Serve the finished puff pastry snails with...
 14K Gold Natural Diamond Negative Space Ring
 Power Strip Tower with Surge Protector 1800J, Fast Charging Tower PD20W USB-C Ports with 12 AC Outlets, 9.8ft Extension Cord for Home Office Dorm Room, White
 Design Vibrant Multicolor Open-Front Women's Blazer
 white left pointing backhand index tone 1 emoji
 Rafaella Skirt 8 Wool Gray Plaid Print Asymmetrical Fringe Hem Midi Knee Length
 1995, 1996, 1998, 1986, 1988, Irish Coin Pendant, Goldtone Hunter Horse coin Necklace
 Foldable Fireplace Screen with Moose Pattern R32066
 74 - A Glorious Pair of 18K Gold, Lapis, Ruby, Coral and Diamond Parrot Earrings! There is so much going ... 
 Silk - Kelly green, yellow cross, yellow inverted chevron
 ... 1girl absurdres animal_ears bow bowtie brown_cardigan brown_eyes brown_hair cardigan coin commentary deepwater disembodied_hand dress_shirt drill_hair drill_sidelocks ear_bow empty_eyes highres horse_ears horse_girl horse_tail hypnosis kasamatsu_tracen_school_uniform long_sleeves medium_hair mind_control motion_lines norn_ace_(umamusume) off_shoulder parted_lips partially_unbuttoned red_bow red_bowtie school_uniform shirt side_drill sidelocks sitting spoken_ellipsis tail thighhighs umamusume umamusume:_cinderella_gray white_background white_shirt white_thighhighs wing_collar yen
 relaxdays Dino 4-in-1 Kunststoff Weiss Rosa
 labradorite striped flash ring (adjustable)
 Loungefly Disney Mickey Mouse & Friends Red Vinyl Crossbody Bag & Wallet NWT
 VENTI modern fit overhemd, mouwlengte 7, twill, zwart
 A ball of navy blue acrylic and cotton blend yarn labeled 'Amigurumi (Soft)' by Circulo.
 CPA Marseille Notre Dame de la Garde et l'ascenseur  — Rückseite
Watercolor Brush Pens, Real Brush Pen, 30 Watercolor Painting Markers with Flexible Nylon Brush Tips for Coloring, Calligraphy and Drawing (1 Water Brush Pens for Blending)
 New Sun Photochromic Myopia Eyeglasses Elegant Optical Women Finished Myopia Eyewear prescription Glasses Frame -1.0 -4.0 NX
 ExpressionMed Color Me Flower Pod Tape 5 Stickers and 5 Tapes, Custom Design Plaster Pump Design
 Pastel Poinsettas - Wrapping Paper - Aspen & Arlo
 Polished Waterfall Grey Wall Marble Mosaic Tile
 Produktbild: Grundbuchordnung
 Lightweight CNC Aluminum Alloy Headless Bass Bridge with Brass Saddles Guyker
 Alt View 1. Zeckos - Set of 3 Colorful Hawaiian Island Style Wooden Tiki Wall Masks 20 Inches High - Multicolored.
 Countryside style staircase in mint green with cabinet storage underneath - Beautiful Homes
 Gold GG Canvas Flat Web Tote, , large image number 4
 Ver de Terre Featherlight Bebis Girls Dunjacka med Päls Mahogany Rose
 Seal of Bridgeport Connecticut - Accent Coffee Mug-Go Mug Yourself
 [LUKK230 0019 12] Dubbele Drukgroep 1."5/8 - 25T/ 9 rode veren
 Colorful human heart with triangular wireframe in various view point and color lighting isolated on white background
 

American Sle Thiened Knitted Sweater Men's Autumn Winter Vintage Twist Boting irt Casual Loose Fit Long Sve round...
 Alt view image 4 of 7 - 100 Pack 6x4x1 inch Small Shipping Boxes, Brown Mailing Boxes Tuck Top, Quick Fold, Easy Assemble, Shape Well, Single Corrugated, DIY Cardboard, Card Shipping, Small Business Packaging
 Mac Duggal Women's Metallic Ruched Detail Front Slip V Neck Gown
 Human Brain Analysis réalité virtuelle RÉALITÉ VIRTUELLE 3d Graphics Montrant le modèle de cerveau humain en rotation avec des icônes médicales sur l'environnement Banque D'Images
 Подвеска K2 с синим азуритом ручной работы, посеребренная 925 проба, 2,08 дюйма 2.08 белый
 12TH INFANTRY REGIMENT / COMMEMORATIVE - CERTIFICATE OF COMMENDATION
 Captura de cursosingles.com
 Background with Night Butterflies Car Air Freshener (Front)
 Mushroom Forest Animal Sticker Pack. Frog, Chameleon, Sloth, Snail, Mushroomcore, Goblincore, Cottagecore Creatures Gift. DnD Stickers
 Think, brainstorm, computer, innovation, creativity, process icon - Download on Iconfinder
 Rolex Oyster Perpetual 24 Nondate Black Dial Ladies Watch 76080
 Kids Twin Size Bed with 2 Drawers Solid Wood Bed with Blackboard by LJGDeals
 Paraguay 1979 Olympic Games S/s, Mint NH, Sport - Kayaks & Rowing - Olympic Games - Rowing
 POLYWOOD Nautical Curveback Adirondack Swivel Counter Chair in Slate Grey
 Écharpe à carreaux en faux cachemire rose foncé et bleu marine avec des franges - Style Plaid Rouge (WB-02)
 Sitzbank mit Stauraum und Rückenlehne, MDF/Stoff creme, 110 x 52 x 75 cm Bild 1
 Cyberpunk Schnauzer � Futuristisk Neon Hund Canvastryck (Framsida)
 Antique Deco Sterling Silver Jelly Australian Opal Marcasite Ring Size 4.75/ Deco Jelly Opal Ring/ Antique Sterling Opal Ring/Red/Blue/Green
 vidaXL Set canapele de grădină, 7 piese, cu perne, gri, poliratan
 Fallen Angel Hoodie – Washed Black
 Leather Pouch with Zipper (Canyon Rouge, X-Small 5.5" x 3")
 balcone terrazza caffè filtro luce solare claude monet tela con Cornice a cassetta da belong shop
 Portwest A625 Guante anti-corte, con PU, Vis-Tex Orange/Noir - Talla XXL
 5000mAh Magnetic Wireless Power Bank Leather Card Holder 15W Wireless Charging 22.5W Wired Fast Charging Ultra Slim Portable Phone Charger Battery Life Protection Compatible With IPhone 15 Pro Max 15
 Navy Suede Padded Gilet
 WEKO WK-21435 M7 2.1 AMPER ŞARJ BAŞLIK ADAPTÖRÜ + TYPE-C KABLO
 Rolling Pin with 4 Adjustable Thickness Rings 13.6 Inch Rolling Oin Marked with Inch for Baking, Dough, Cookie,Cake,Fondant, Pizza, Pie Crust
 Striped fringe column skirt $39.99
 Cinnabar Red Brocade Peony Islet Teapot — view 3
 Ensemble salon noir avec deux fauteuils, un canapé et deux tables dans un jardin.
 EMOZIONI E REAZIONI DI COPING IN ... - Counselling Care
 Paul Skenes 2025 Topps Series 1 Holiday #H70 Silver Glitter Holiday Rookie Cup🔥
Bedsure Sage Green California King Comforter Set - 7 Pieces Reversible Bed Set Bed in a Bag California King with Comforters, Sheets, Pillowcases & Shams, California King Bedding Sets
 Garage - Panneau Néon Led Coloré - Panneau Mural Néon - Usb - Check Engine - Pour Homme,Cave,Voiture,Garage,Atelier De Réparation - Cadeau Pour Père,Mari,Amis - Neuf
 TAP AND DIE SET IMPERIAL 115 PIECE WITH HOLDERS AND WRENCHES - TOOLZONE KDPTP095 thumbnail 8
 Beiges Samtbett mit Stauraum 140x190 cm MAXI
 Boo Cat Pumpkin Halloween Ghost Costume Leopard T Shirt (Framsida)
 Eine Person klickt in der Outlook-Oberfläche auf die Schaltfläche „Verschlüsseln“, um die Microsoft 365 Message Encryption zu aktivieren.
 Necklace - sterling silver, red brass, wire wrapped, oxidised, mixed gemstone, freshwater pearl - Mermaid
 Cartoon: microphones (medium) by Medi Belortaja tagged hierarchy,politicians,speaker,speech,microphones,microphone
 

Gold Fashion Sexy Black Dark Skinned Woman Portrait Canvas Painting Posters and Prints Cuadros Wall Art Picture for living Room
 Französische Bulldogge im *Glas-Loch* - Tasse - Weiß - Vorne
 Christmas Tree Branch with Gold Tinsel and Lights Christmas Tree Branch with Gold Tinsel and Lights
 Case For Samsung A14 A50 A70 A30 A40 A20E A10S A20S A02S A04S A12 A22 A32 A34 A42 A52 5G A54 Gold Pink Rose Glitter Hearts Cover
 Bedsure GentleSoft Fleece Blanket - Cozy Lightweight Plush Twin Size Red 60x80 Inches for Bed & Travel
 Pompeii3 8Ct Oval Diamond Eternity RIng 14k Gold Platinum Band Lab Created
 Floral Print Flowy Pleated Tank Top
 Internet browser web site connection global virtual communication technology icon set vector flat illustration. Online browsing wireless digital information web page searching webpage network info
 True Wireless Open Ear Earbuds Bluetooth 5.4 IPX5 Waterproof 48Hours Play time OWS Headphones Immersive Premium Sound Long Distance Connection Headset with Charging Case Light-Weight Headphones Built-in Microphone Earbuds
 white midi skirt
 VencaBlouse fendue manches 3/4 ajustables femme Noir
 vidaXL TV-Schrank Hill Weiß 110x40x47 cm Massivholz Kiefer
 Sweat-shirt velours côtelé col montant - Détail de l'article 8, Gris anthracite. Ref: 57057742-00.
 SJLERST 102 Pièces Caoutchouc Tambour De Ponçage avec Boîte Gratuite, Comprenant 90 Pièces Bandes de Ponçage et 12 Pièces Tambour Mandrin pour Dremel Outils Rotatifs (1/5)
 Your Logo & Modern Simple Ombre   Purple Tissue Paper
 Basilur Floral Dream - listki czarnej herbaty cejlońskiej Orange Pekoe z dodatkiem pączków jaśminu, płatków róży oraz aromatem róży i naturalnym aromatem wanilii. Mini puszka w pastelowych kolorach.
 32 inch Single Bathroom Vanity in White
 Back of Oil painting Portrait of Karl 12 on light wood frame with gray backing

----------------

(Work required) Where a line in the entries holds the word "Floral", copy that line.

(Response for this exercise)
 Floral Print Flowy Pleated Tank Top
 Basilur Floral Dream - listki czarnej herbaty cejlońskiej Orange Pekoe z dodatkiem pączków jaśminu, płatków róży oraz aromatem róży i naturalnym aromatem wanilii. Mini puszka w pastelowych kolorach.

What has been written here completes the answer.